# Required work
From the material below, retype exactly the lines that begin at the line with "Smart thermostat install" and end after the line with "SP0109018 My Mind"; pictures stay out of the copy.

# Exercise input
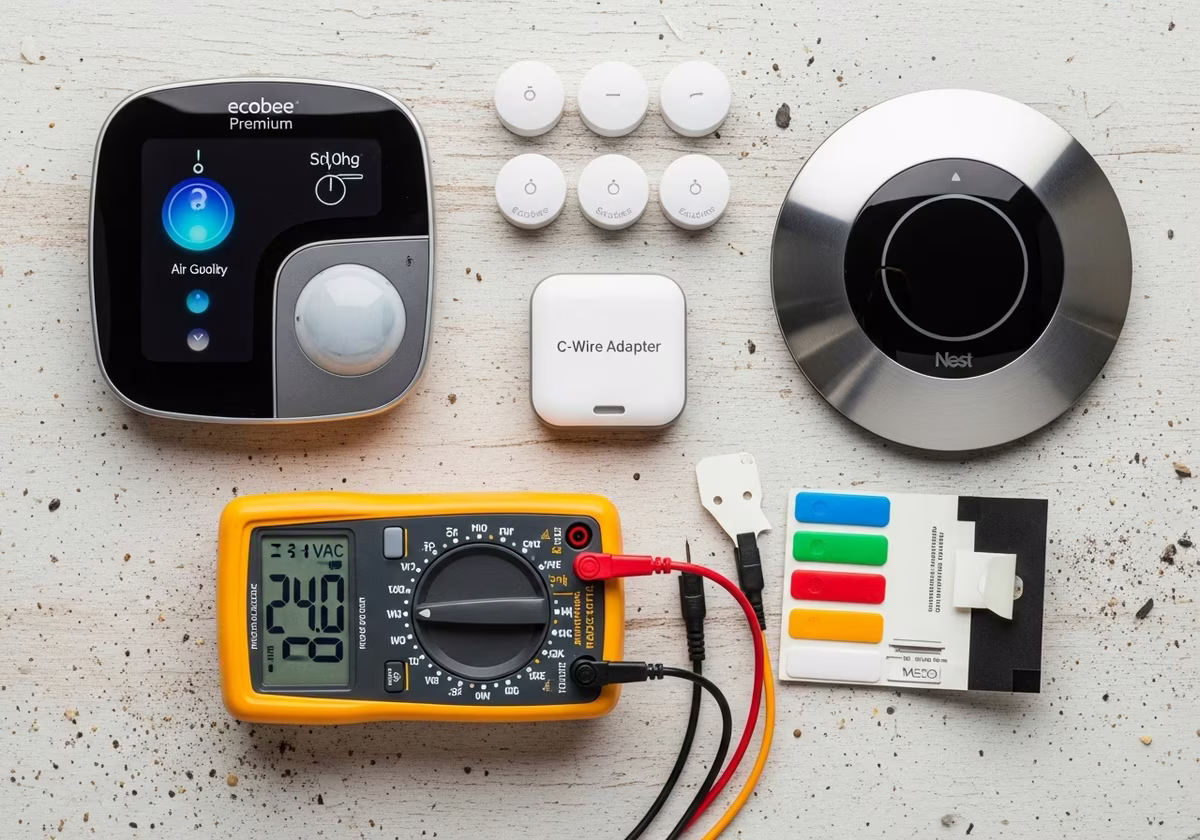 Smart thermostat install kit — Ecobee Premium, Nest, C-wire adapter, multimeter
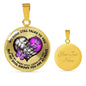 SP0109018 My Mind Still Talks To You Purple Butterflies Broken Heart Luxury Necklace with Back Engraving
...
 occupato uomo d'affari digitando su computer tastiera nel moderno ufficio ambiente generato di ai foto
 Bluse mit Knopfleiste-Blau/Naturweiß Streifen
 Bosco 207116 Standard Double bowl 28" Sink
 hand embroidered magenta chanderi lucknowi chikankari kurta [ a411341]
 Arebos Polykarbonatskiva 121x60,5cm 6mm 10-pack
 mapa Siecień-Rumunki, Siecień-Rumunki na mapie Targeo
==
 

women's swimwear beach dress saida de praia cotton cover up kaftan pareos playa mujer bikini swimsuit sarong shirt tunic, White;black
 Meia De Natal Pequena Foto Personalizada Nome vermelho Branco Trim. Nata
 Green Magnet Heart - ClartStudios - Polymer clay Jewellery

# Result of the task
 Smart thermostat install kit — Ecobee Premium, Nest, C-wire adapter, multimeter
 SP0109018 My Mind Still Talks To You Purple Butterflies Broken Heart Luxury Necklace with Back Engraving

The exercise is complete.